═══ DATA TO USE

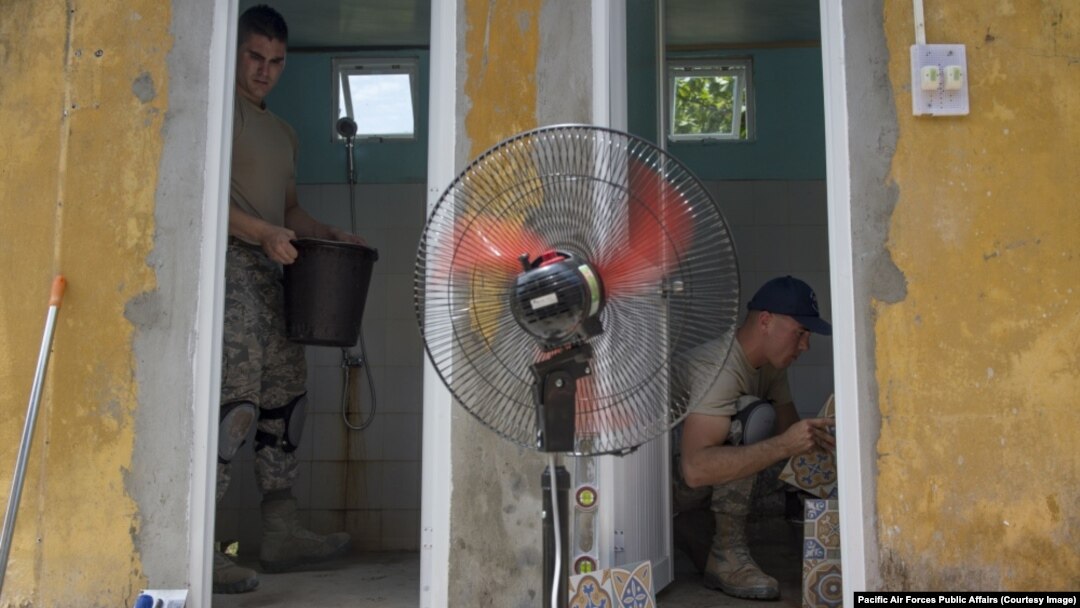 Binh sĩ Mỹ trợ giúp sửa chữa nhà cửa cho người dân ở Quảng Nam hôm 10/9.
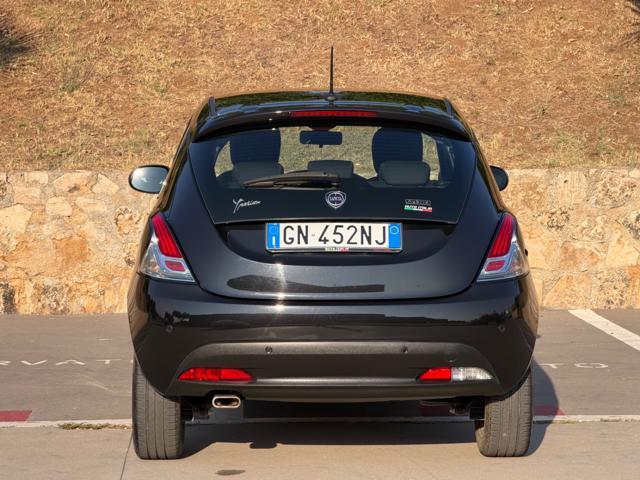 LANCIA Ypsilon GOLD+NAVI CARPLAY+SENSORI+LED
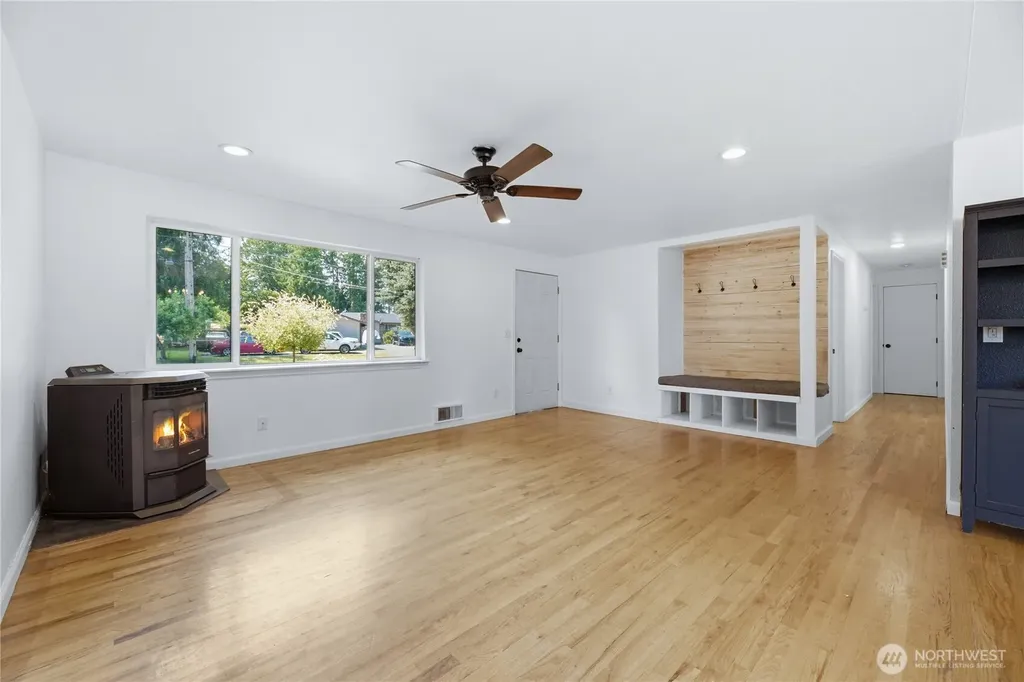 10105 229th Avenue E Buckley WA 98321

══════
═══ DATA TO USE

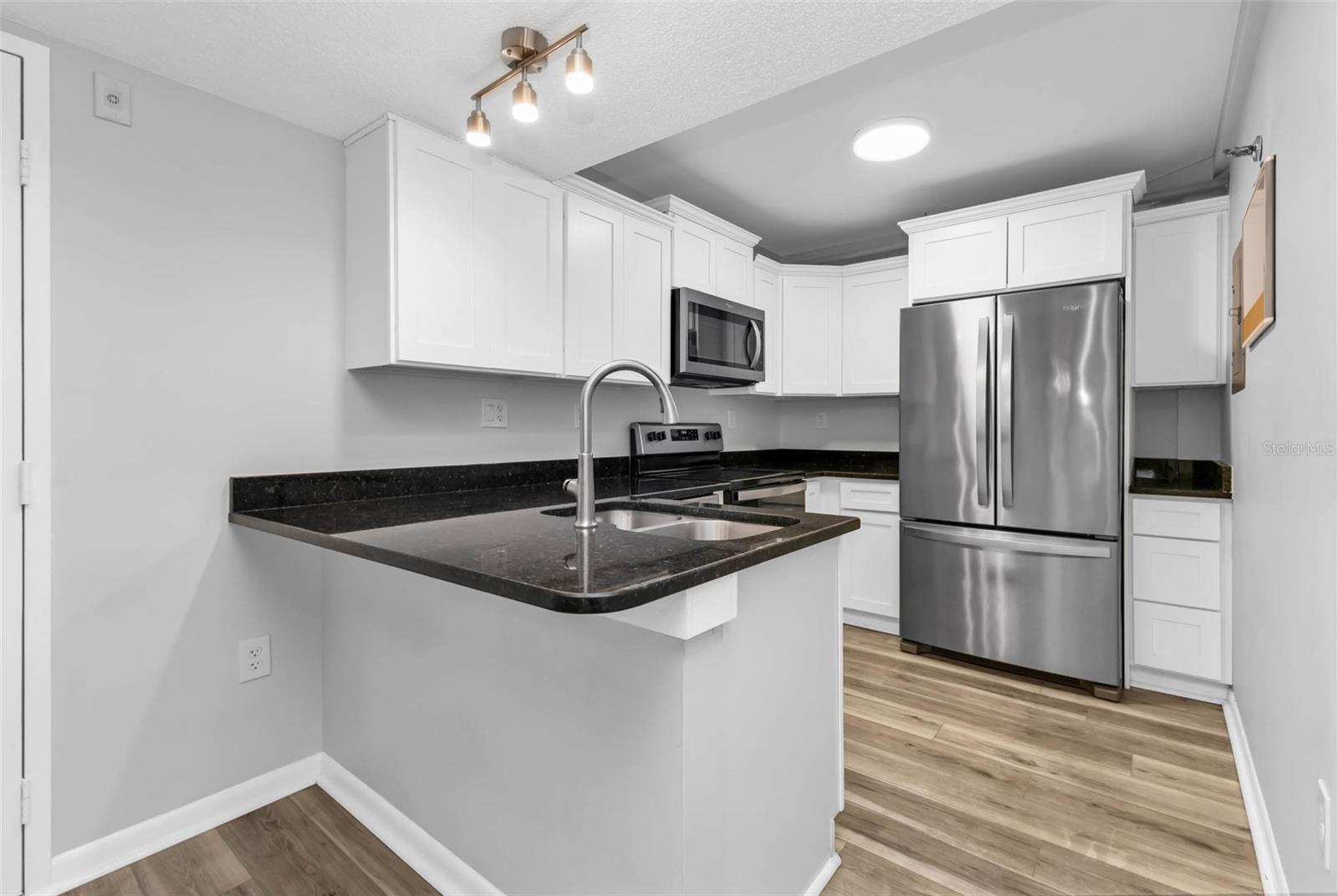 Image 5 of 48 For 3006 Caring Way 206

══════
═══ DATA TO USE

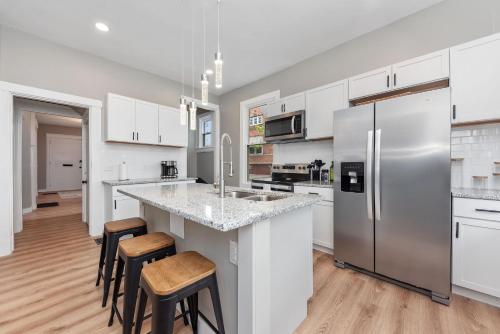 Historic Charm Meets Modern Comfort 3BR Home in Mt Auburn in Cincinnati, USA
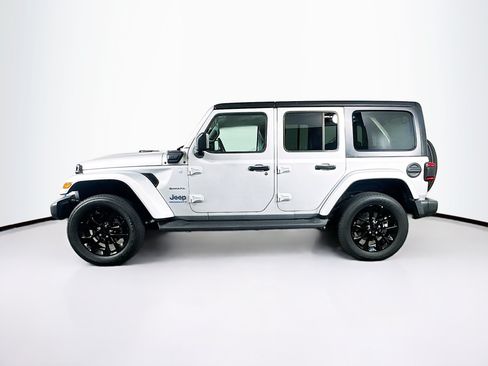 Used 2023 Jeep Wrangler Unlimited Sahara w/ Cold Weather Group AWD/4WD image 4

══════

» **PROBLEM TO SOLVE**: All lines above starting at the one with "Binh sĩ Mỹ trợ" and ending at the one with "10105 229th Avenue E Buckley WA 98321", inclusive, are to be printed again exactly, with the pictures left out.

» **REPLY**:
 Binh sĩ Mỹ trợ giúp sửa chữa nhà cửa cho người dân ở Quảng Nam hôm 10/9.
 LANCIA Ypsilon GOLD+NAVI CARPLAY+SENSORI+LED
 10105 229th Avenue E Buckley WA 98321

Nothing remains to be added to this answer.